Este duro y hermoso libro trata de la identidad, o más bien de las distintas identidades que construyen una comunidad, de las cuales, para su buena salud,  habría de sobresalir una, la cual es electiva y acaba salvando a la comunidad misma de amenazas internas y sobre todo externas, y sin la que los individuos estarían desvalidos, expuestos a otras construcciones identitarias tan postizas como incontrolables: ellas convierten en culpable a un inocente por la sola razón de que éste luzca alguna identidad en común con un criminal. De paso, el autor nos informa de su escepticismo acerca de las ideas y los portadores de las mismas que, provenientes de tierras extrañas, como también es extraño el colonialismo, pretenden inútilmente poner remedio a éste y a sus consecuencias. Mediante el retrato de unos pocos personajes, el libro muestra la convivencia de un pequeño grupo humano a cuya organización social no entorpecen sus diferencias, pero sin ignorar tampoco su fragilidad en tiempos de crisis, cuando la violencia del entorno reclama del individuo que se identifique y se señale. Por último, la novela es un fiel testimonio de hechos históricos que todavía hoy están lejos de haberse resuelto y que periódicamente sacuden a esa comunidad multiétnica que es la India.

Cuando nuestro autor entrevistó al dirigente de la RSS había seis millones de musulmanes en la India, de los cuales, al igual que ocurre con los que la habitan ahora, cabría esperar una lealtad dual que, como reconoció a Singh el gurú Golwalkar, “tiene raíces históricas de las que los hindúes son tan responsables como ellos, pero también deriva de un sentimiento de inseguridad que les ha hecho sufrir desde la partición. En cualquier caso, no se puede hacer a toda la comunidad responsable de los errores de unos pocos”. Y el gurú Golwalkar, en total contradicción con lo que su entrevistador esperaba escuchar, concluye: “El tiempo es un buen sanador. Soy optimista y creo que el hinduismo y el Islam aprenderán a vivir el uno con el otro. De hecho, yo diría que la única política correcta hacia los musulmanes es ganar su lealtad por el amor”.

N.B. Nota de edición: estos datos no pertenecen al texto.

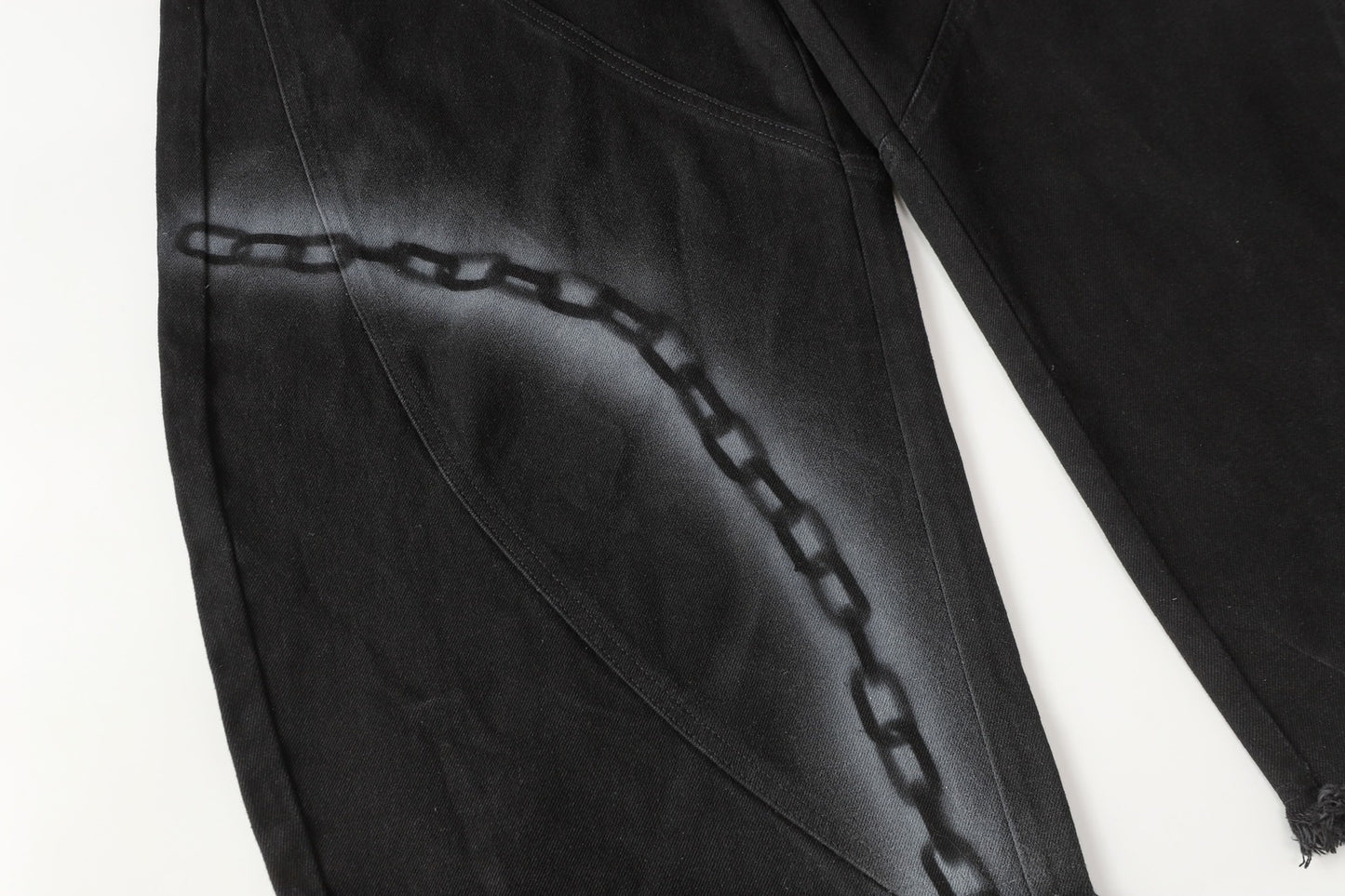 Chain Print | Baggy Jeans - Santo 
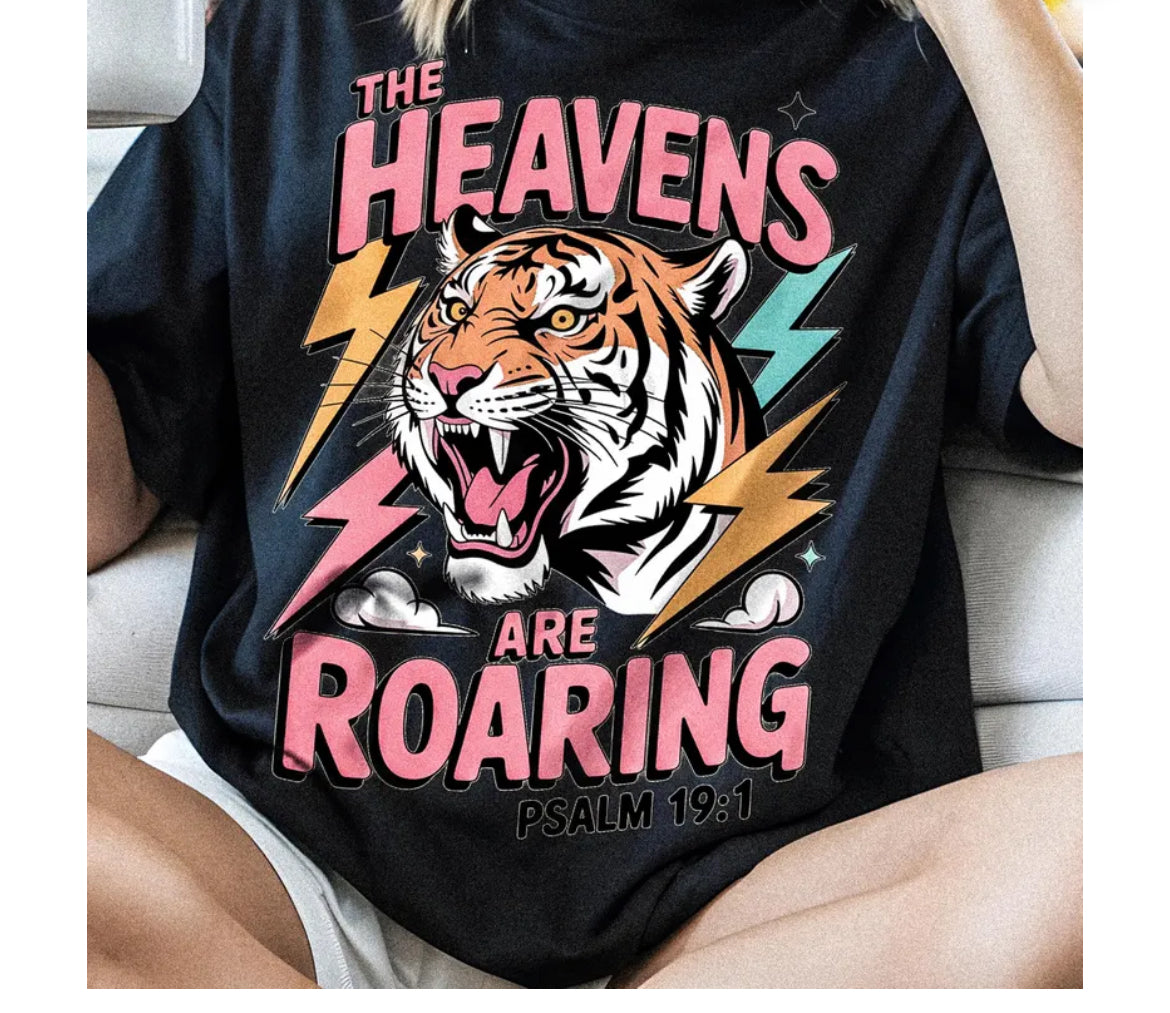 Heaven are roaring tee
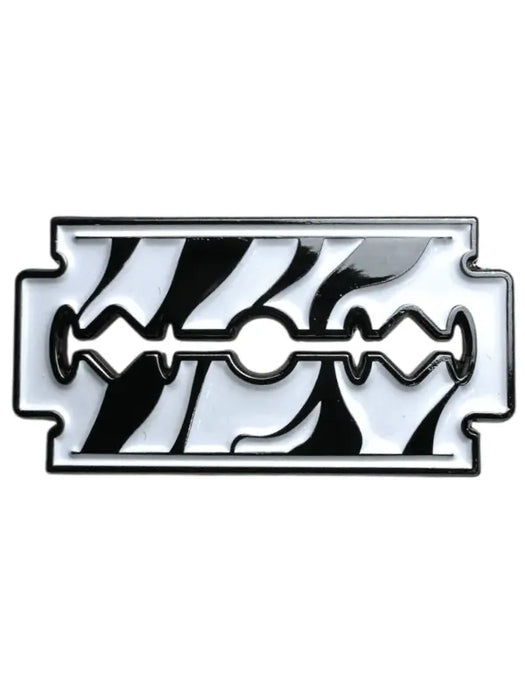 Blood Veins & Bandages Reflection Blade Barber Pin - Shiny Black # BVB25197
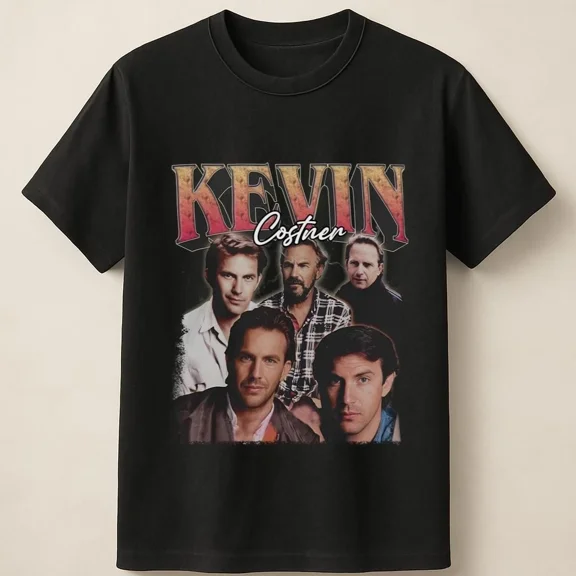 Kevin Costner Cool Vintage Actor Portrait Fan Design Unisex T Shirt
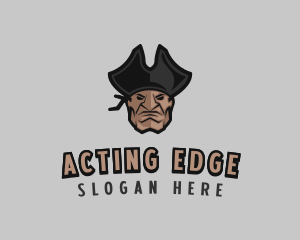 Angry Pirate Man logo design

Singh, quien en sus momentos de mayor pesimismo había juzgado imposible la convivencia pacífica entre las religiones de su país, anotó estas palabras con recelo y duda, pero también con esperanza. Al despedirse, Golwalkar volvió a impedir que le tocara los pies, y ambos acordaron volver a verse en Nagpur, encuentro que ya no sería posible a causa de la muerte del gurú. La historia, que como es su costumbre ha seguido su curso desde entonces, ha vuelto a otorgar actualidad a esta conversación ya lejana en el tiempo, y sin embargo tan próxima a nosotros, una conversación de la que tal vez podría aprenderse algo, como también de este autor poco conocido en Europa, gran bebedor de whisky escocés y hombre sin religión, que dejó en sus páginas abundantes huellas del mundo en el que vivió y de sus contemporáneos, huellas contradictorias y volubles como lo es sólo la naturaleza humana.